Con ordinanza n. 1283 del 21.3.2013, è stata respinta l'istanza cautelare, con contestuale fissazione dell'udienza di trattazione.
La parte pubblica ha depositato una memoria.
Il ricorso è stato trattenuto per la decisione alla pubblica udienza del 5 giugno 2013.
2. I fatti che hanno dato luogo alla presente controversia sono riassunti con dovizia di particolari nella memoria di costituzione della difesa erariale.
Tale ricostruzione è, peraltro, incontestata poiché, come appresso si dirà, il ricorso si incentra essenzialmente su doglianze di carattere procedimentale.
2.1. L'odierno ricorrente è rimasto coinvolto, in concorso con altro soggetto estraneo al Corpo, in una vicenda giudiziaria per i delitti di "concussione" e "tentata concussione", riqualificati poi, all'esito del giudizio di appello, in "corruzione per un atto contrario ai doveri d'ufficio" e "istigazione alla corruzione" (rispettivamente, art. 319 e art. 322 c.p.), commessi in S.(Lpd) delle (Lpd), in provincia di Roma, tra l'ottobre 2000 e il settembre 2001.
In data 12.1.2010, il Tribunale di Velletri pronunciava sentenza di condanna, ritenendo configurati i reati di "concussione" e di "tentata concussione", avvinti tra loro dal vincolo della continuazione, ed infliggendo al ricorrente, e al correo, la pena di anni due e mesi undici di reclusione, nonché quella accessoria dell'interdizione dai pubblici uffici per la durata della pena principale.

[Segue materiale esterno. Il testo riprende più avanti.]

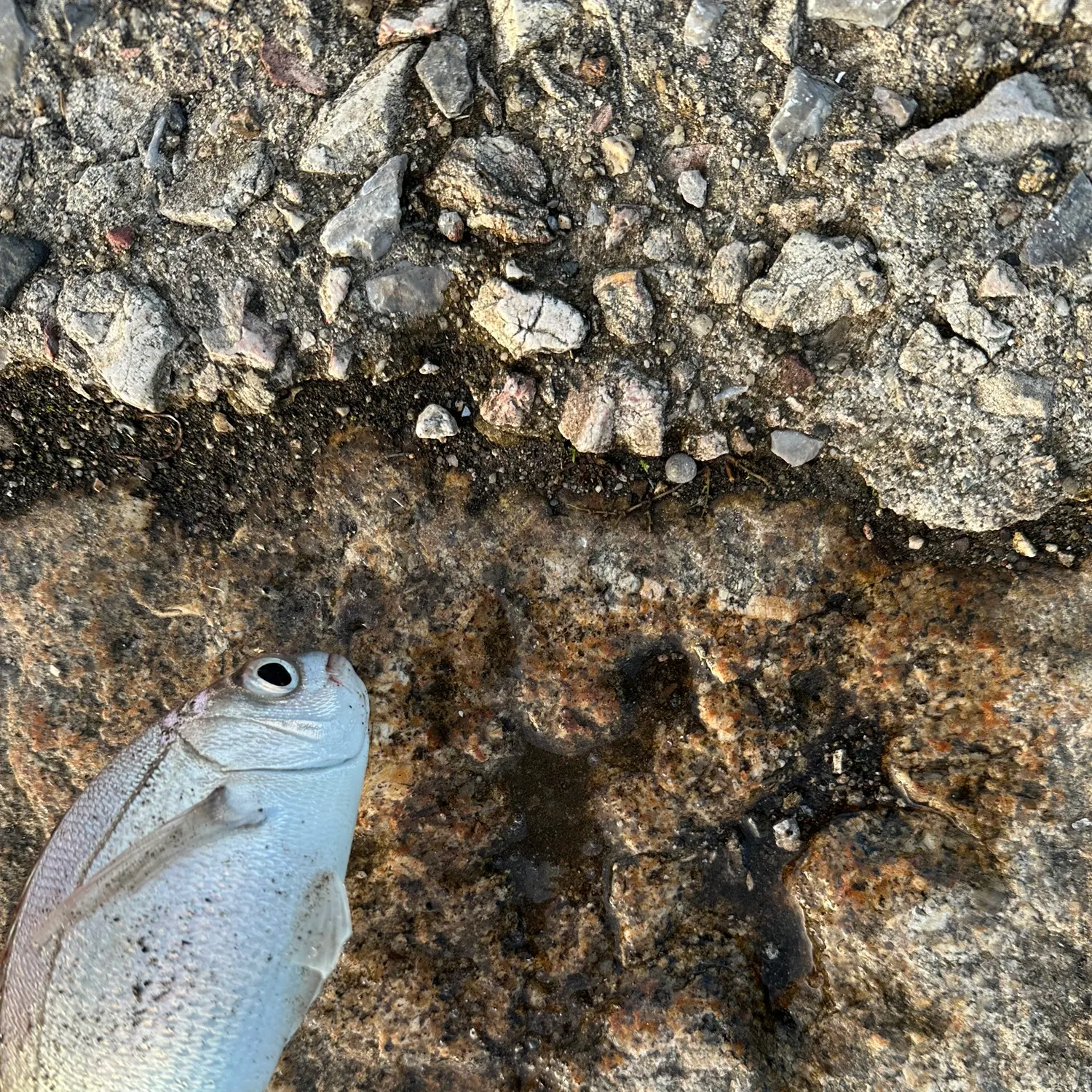 The most recent Red seabream catches on Fishbrain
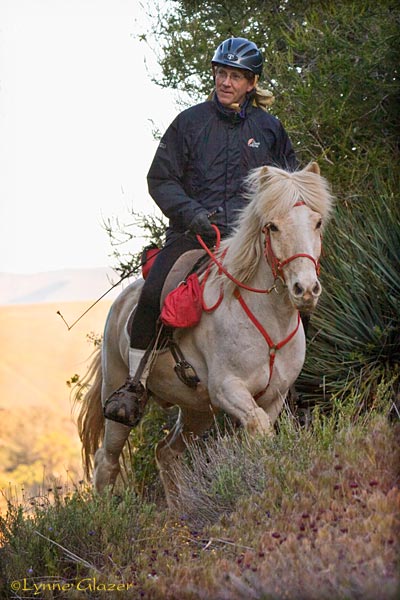 [johnparkeskjoldur.jpg]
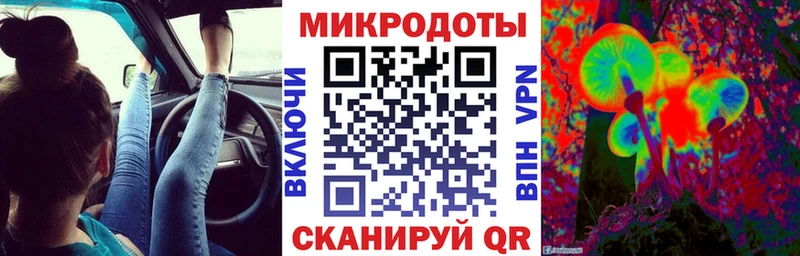 дарнет шоп  Избербаш  Галлюциногенные грибы Psilocybe 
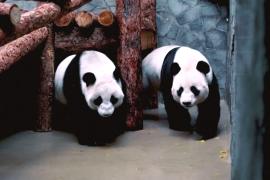 Молодые панды в Московском зоопарке впервые встретились
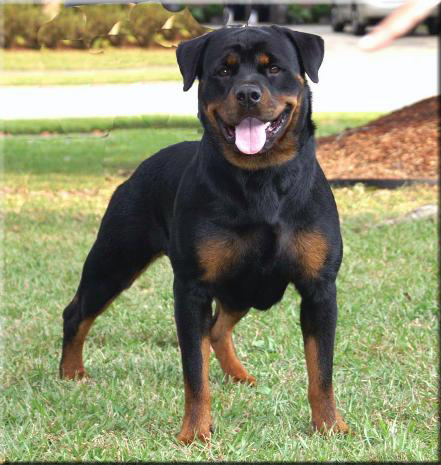 Rottweiler - Dog Breed photo 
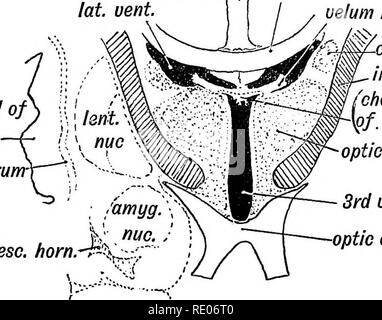 . Human embryology and morphology. Embryology, Human; Morphology. THE ...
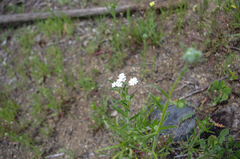 Polypremum procumbens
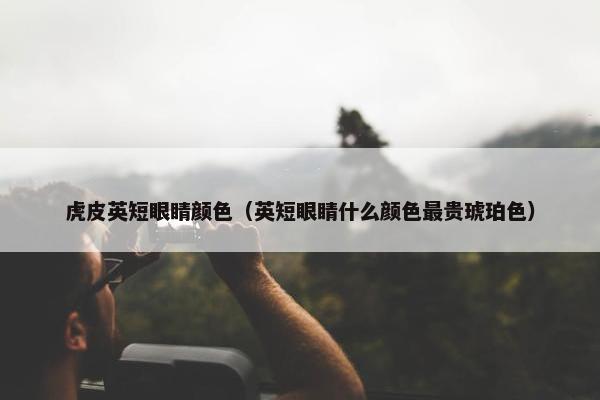 虎皮英短眼睛颜色（英短眼睛什么颜色最贵琥珀色）
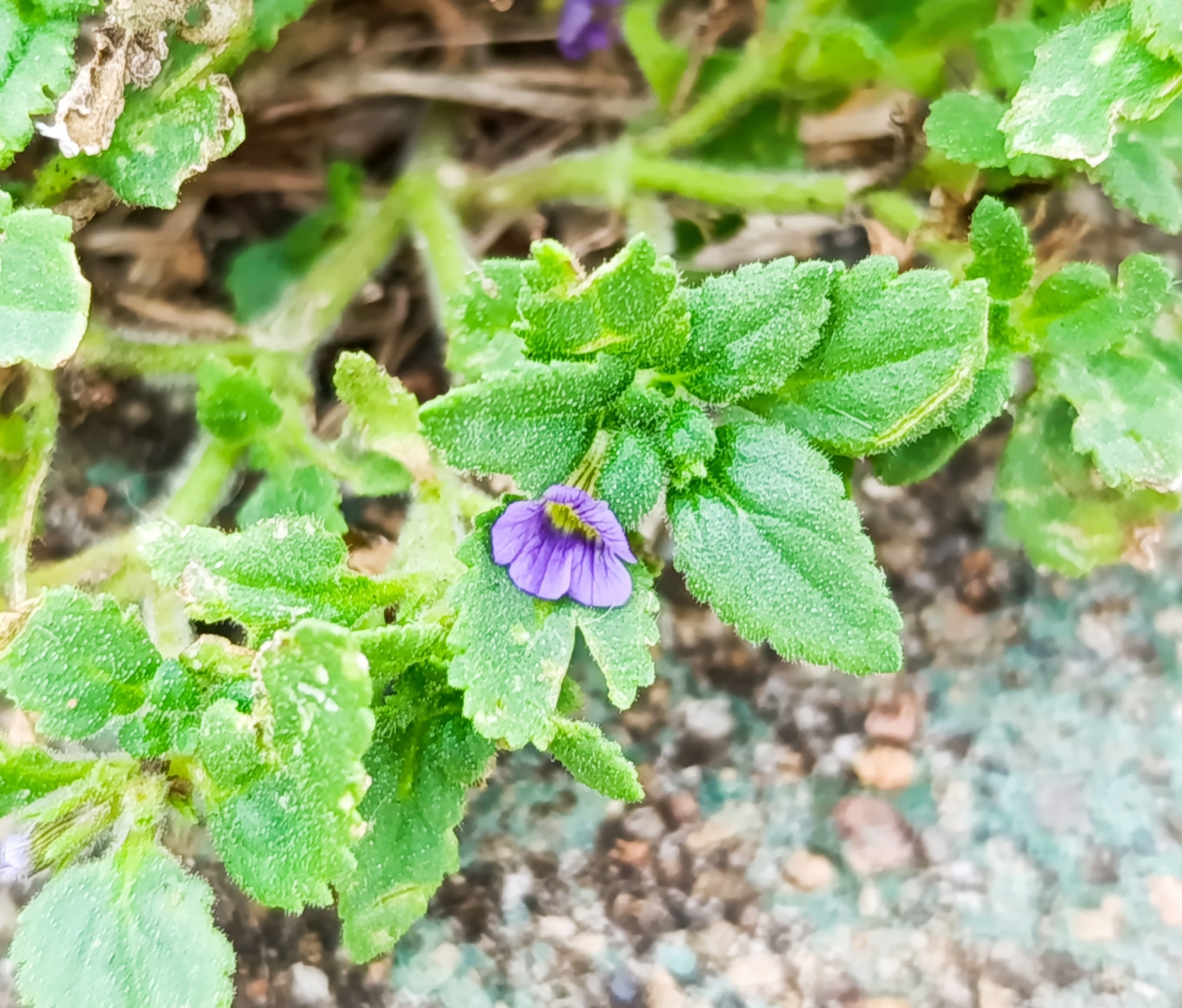 Stemodia verticillata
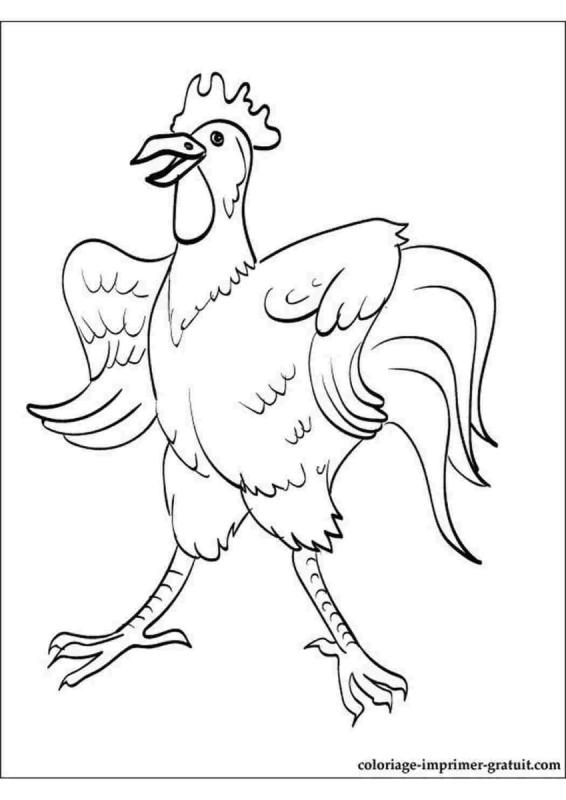 Петушок без хвоста раскраска75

La Corte d'Appello di Roma, in data 14.12.2011, emetteva sentenza (divenuta irrevocabile in data 29.3.2012) con la quale, nel riqualificare il reato di "concussione" in quello di "corruzione", ed il reato di "tentata concussione" in quello di "istigazione alla corruzione", dichiarava di non doversi procedere nei confronti dei due imputati, per essersi estinti i reati loro ascritti per "intervenuta prescrizione".
Dal punto di vista amministrativo - cautelare, in relazione alla vicenda di cui sopra, nei confronti del (Lpd):
- non veniva adottato alcun provvedimento di sospensione cautelare dall'impiego, a titolo discrezionale (cfr. le determinazioni del Comandante in seconda pro tempore della Guardia di Finanza, in data 2.1.2004 e 31.3.2005);
- veniva adottato il provvedimento di sospensione a titolo obbligatorio, a decorrere dal 12.1.2010, in ragione della condanna in primo grado (ex L. n. 97 del 2001) fino al 14.12.2011, data della sentenza di proscioglimento da parte della Corte d'Appello.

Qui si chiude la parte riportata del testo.